• **EXERCISE**:
Among the entries below, extract exactly the lines that run from the one with "Kısa Kol Varak Baskılı Dantel Bluz 099-6000" through the one with "Square neck low", both ends included.

• **RECORDS SHOWN**:
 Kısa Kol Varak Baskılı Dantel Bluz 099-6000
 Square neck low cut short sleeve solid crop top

==

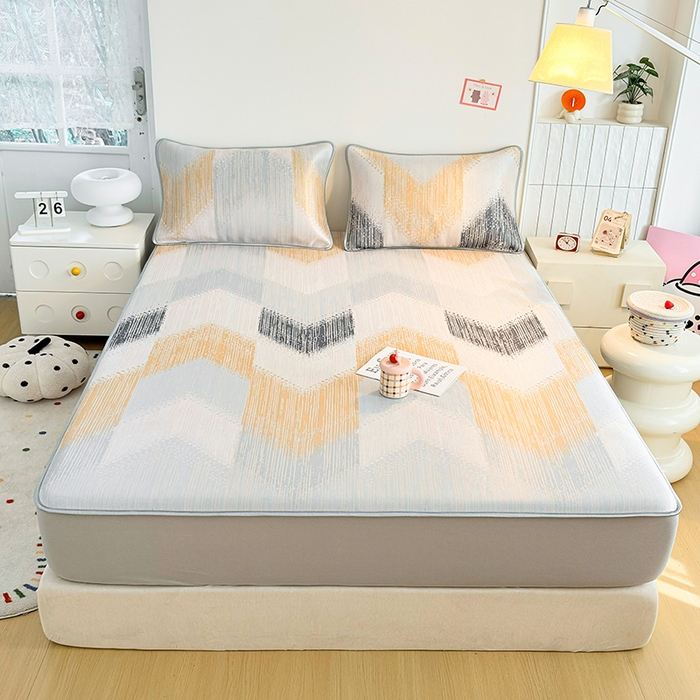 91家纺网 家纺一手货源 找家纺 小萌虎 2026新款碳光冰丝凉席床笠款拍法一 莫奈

• **EXPECTED OUTPUT**:
 Kısa Kol Varak Baskılı Dantel Bluz 099-6000
 Square neck low cut short sleeve solid crop top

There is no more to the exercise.